Corrosion of Metals & Alloys – accelerated testing involving cyclic exposure to salt mist, dry & wet conditions
This test method specifies the apparatus and procedure to be used in conducting accelerated corrosion tests for the comparative evaluation of metallic materials, with or without permanent/temporary corrosion protection, when exposed to a salt contaminated, simulated outdoor environment. It is cyclic in nature, i.e.; test specimens are exposed to changing climates over time.
Test specimens are placed in an enclosed chamber and exposed to a changing climate that comprises of the following 3 part repeating cycle. 2.0 hours exposure to a continuous indirect spray of neutral (pH 6.5 to 7.2) salt water solution, which falls-out on to the specimens at a rate of 1.0 to 2.0ml/80cm²/hour, in a chamber temperature of +35C . This is followed by 4.0 hours of air drying in a climate of <30%RH at +60C. This is followed by 2.0 hours exposure to a condensing water climate (wetting) of 95 to 100%RH at +50C. The number of cycle repeats and therefore the test duration is variable.

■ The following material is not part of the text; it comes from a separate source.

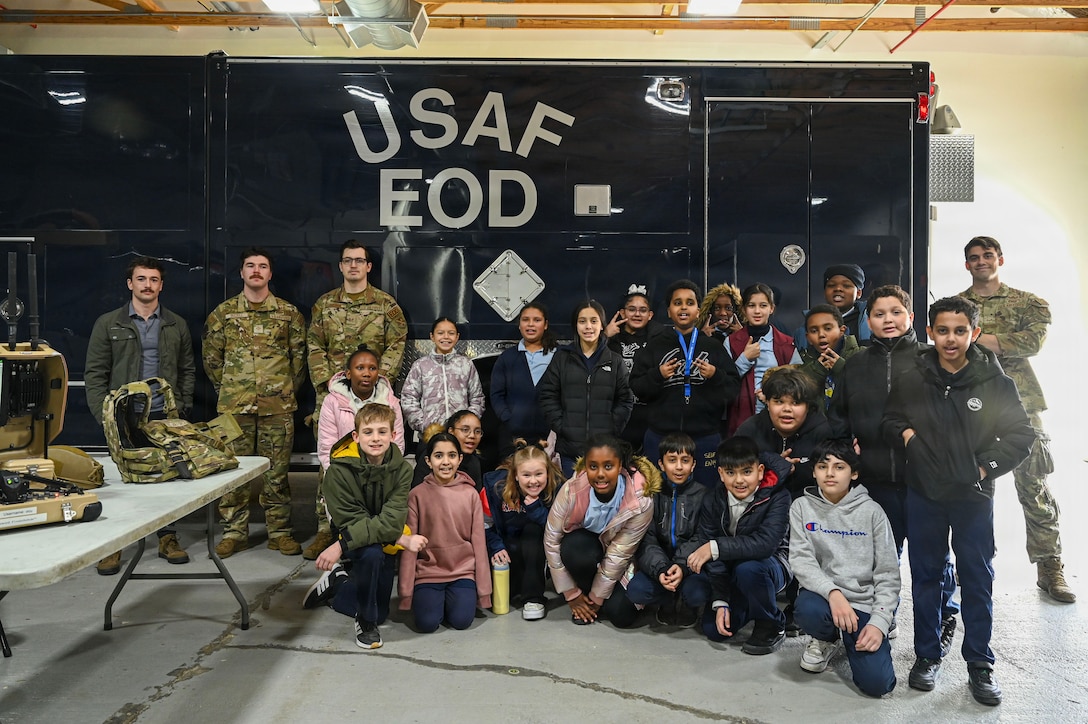 Students from Patrick Henry K-8 School take a group photos with U.S. Airmen assigned to the 316th Civil Engineer Squadron explosive ordnance disposal flight during a base tour at Joint Base Andrews, Maryland, Feb. 10, 2026. This community engagement base tour was for 46 students from a local school to gain a better understanding of the military. (U.S. Air Force photo by Staff Sgt. Aubree Owens)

The maximum transition times between each part of the test cycle are also specified as follows:
From salt spraying to air drying within 30 minutes.
From air drying to wetting within 15 minutes.
From wetting to salt spraying within 30 minutes.
Chamber volumes of less than 400 Litres are not permitted by this test standard.
This test is also referred to as a Cyclic Corrosion Test, often abbreviated to CCT.
For further information on ISO standards visit; www.iso.org
Note; many ISO test standards have been harmonized with other European standards and these are now prefixed ‘EN’ (Euro Norm) or ‘** EN’ – where ** are the letters representing a European country/language code, for example ‘BS EN’ for a harmonized British standard in English language.